(Collected data)
---------------

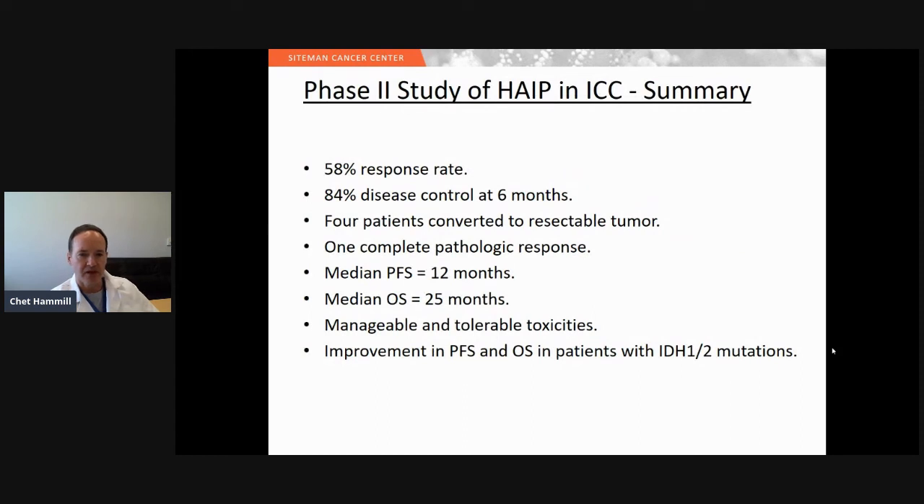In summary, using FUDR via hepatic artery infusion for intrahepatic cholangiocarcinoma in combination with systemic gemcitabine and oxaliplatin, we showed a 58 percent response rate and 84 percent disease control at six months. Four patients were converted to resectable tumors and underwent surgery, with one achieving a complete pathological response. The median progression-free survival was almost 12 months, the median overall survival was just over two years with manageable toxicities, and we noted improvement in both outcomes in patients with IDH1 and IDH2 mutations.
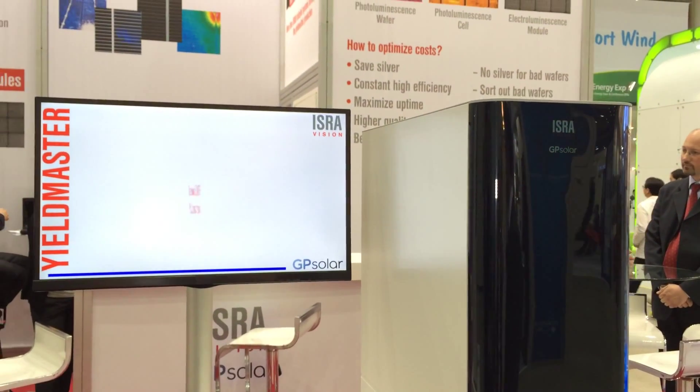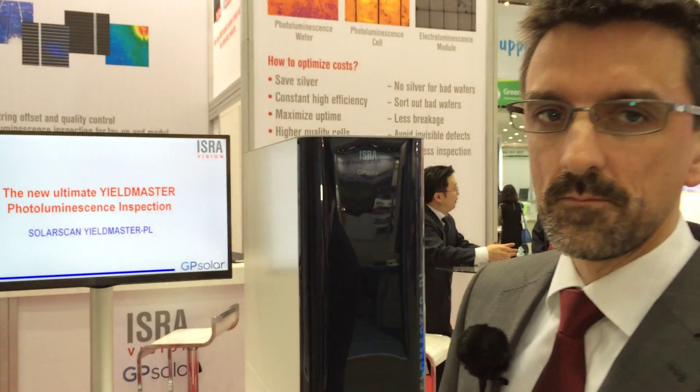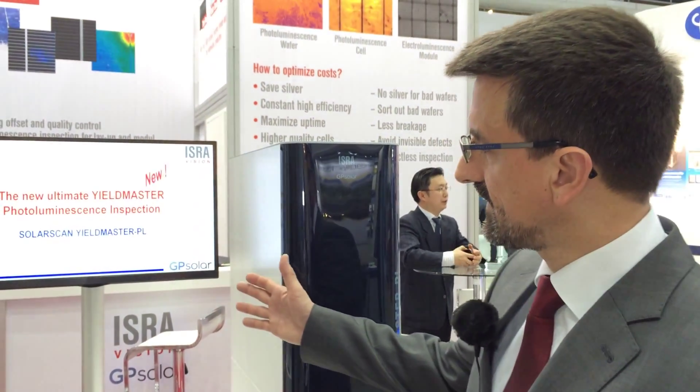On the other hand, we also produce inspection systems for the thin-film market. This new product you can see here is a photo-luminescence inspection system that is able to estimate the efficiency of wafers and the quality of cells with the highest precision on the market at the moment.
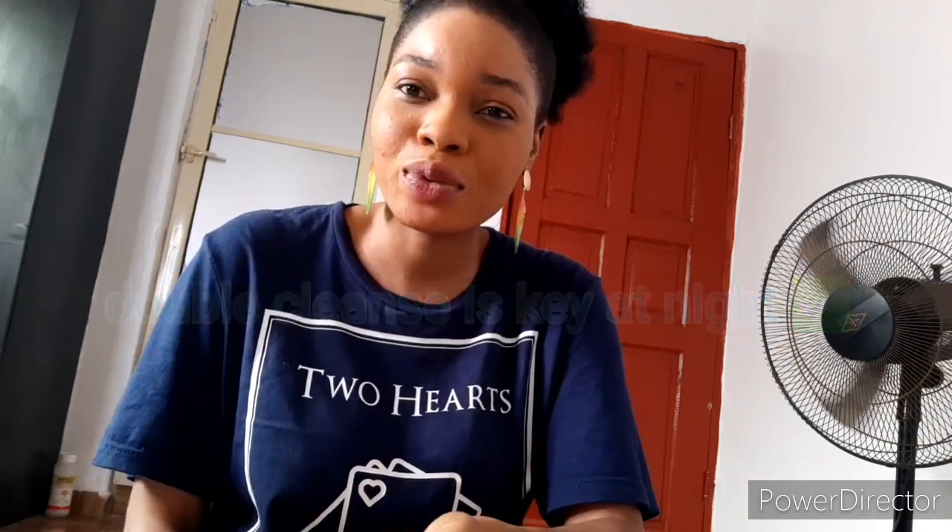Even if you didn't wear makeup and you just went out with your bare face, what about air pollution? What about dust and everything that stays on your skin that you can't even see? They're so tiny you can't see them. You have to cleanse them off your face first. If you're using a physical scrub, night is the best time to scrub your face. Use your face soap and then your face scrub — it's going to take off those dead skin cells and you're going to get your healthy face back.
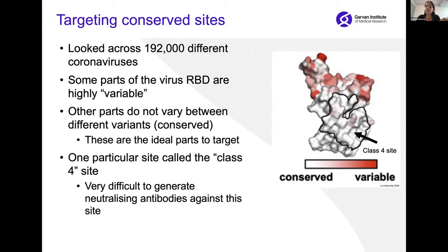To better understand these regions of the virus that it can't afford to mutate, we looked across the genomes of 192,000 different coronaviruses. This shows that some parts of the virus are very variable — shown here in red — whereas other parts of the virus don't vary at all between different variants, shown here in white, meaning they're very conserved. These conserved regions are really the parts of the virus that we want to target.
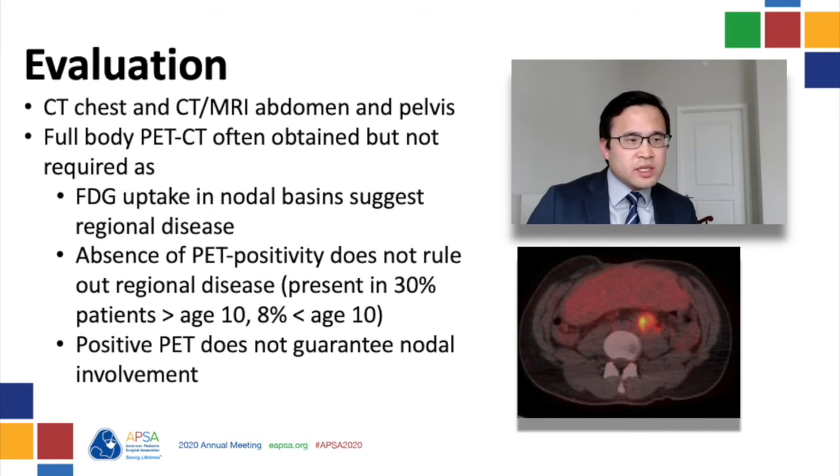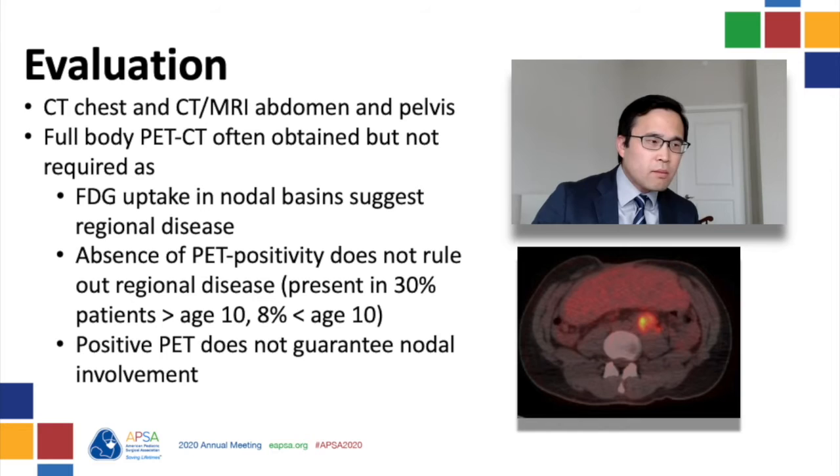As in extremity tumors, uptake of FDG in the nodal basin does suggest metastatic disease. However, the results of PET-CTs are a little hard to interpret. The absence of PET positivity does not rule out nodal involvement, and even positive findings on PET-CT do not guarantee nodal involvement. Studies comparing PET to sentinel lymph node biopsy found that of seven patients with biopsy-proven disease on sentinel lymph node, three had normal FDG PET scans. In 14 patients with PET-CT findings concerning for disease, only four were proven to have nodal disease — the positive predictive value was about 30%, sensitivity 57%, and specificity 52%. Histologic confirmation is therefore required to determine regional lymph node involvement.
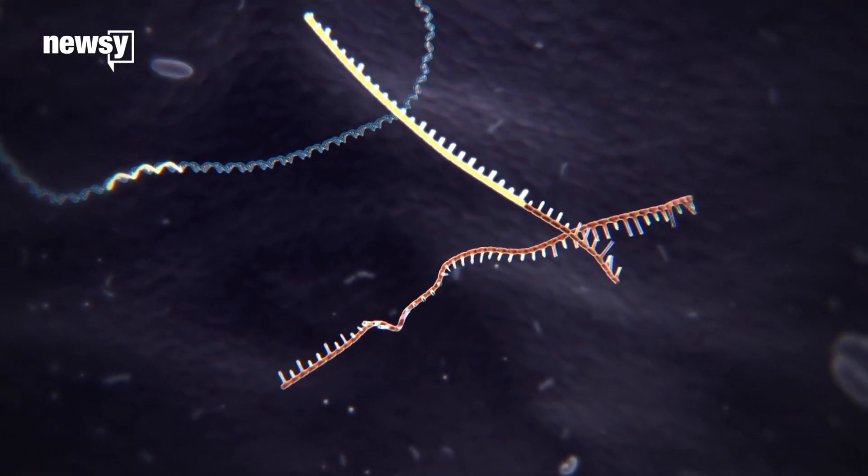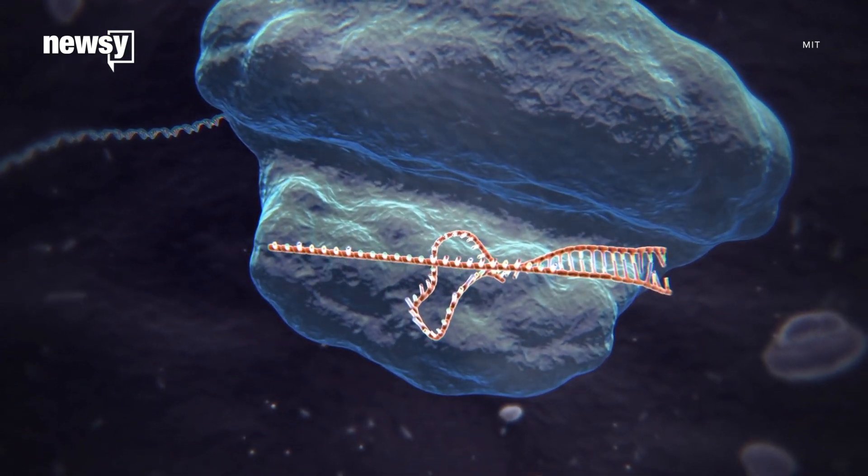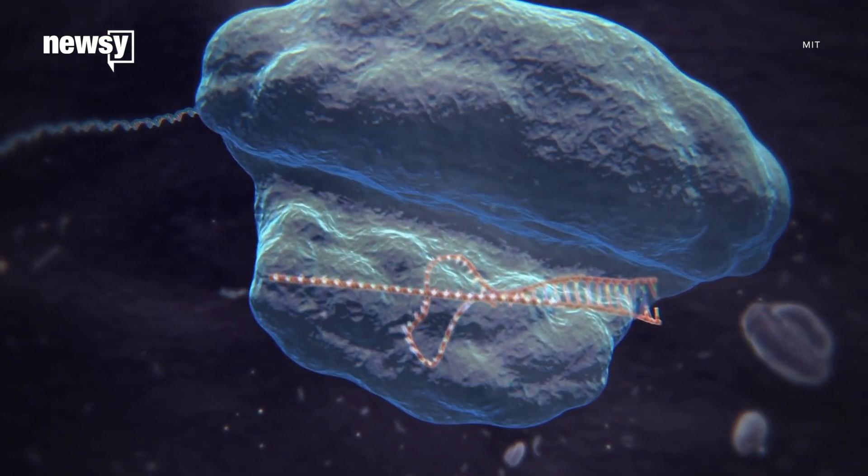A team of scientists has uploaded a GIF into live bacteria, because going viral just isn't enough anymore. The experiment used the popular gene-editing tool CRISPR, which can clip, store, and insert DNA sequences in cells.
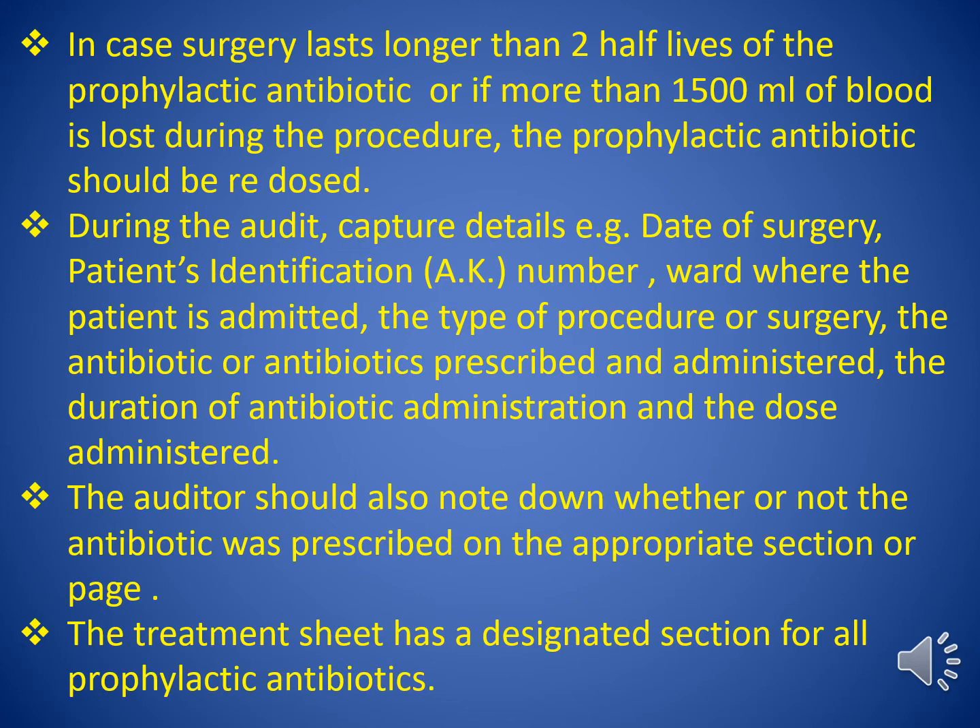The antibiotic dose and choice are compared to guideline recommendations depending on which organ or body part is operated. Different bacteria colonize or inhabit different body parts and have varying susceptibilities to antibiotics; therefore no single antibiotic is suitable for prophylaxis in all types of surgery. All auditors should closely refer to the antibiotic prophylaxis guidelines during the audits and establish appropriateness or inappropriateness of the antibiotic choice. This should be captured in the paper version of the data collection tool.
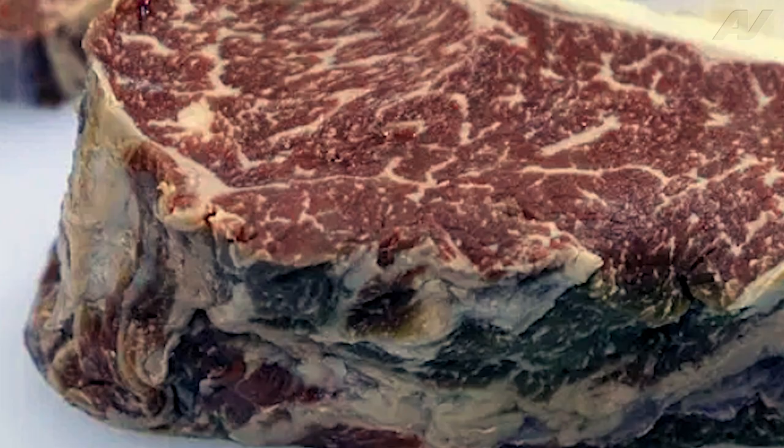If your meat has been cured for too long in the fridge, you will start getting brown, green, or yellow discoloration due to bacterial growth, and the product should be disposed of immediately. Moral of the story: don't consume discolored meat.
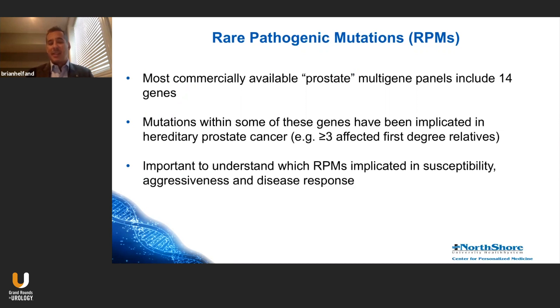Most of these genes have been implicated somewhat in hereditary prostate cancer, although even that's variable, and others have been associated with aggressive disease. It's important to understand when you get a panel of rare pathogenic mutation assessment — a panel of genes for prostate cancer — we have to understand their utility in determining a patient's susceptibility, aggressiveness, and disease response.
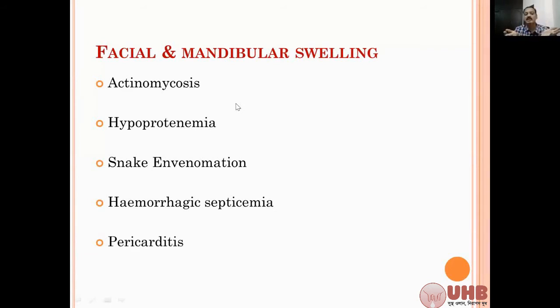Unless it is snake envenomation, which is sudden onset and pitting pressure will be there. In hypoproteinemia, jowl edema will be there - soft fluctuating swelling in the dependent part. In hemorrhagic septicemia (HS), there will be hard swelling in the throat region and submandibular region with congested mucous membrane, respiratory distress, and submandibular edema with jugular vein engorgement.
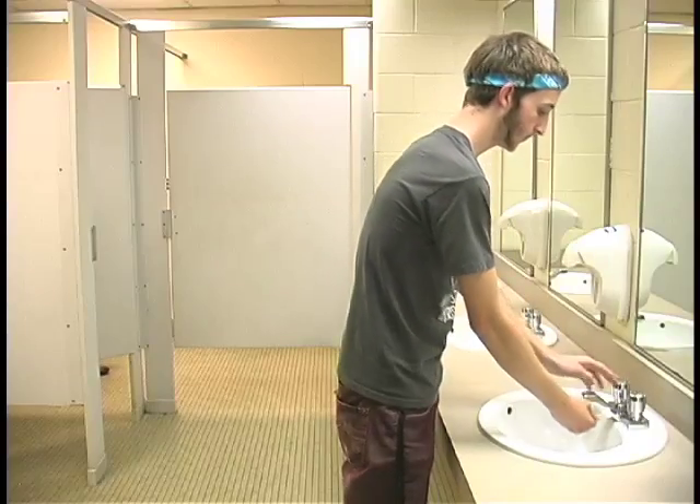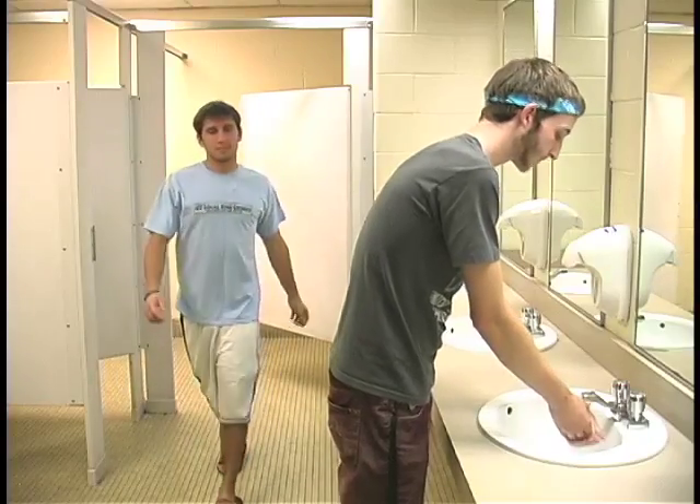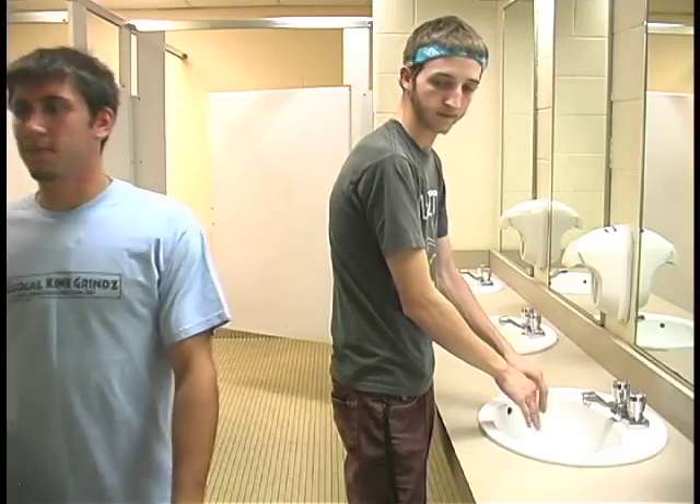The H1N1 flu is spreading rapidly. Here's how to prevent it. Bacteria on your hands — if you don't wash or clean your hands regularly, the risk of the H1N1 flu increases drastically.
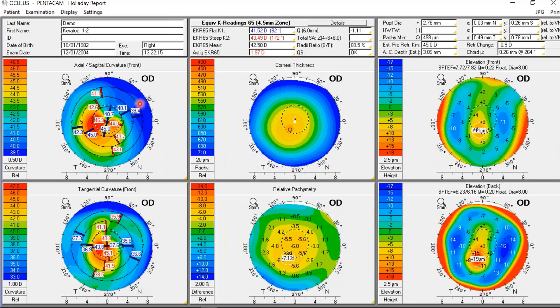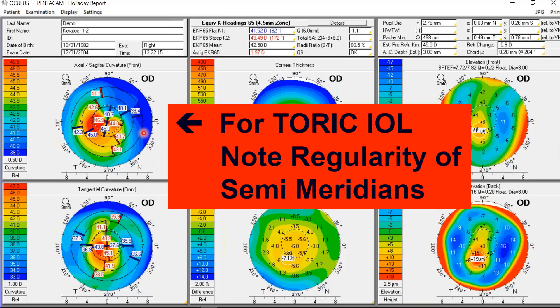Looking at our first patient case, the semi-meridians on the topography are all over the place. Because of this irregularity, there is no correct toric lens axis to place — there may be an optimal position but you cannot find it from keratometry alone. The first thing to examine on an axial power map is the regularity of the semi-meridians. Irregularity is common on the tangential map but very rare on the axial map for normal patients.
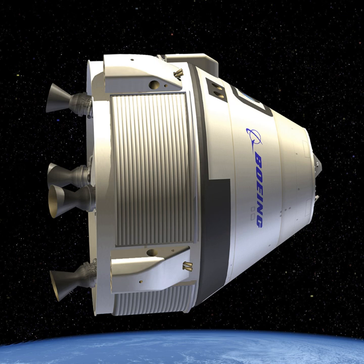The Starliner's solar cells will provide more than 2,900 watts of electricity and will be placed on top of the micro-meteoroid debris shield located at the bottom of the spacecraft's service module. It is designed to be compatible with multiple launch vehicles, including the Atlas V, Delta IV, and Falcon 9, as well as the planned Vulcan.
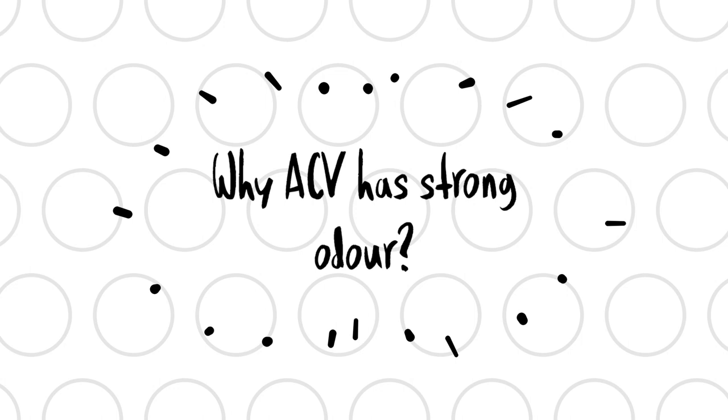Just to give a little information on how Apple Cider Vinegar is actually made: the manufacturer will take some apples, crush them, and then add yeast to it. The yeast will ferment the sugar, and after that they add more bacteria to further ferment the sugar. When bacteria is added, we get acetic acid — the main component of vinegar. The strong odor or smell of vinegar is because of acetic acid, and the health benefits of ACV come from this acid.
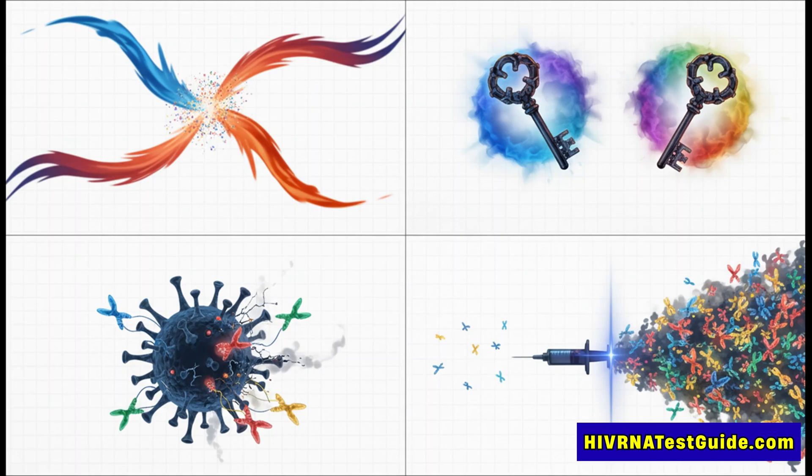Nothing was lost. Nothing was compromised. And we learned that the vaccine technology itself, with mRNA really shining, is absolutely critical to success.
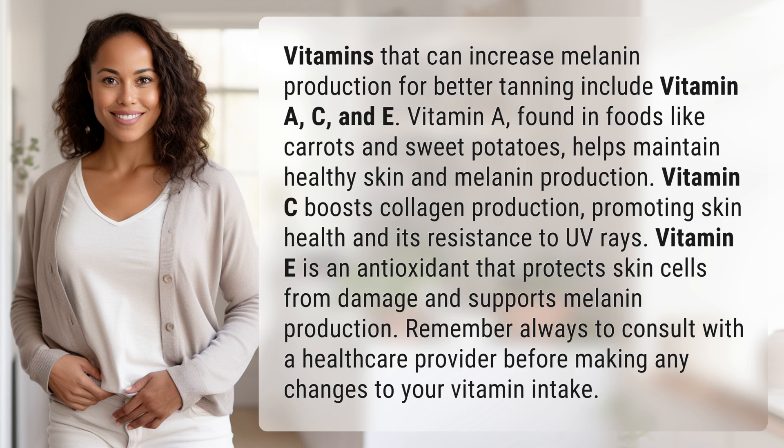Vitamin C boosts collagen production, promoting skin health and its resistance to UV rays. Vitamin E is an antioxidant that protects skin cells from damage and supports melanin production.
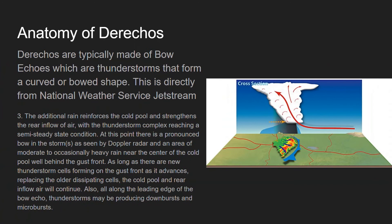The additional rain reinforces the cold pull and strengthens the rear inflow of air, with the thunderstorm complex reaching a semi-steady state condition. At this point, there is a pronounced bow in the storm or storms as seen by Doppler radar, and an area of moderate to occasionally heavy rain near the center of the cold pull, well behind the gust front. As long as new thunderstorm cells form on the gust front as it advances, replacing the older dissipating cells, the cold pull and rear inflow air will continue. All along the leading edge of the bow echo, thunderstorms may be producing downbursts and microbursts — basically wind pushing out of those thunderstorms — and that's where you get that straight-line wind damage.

---------------

ASSIGNMENT —
Repeat only what lies between the start of the data and the end of the line containing "On the other", exactly, with pictures left out.

PROBLEM SOLUTION —
In summary, using FUDR via hepatic artery infusion for intrahepatic cholangiocarcinoma in combination with systemic gemcitabine and oxaliplatin, we showed a 58 percent response rate and 84 percent disease control at six months. Four patients were converted to resectable tumors and underwent surgery, with one achieving a complete pathological response. The median progression-free survival was almost 12 months, the median overall survival was just over two years with manageable toxicities, and we noted improvement in both outcomes in patients with IDH1 and IDH2 mutations.
On the other hand, we also produce inspection systems for the thin-film market. This new product you can see here is a photo-luminescence inspection system that is able to estimate the efficiency of wafers and the quality of cells with the highest precision on the market at the moment.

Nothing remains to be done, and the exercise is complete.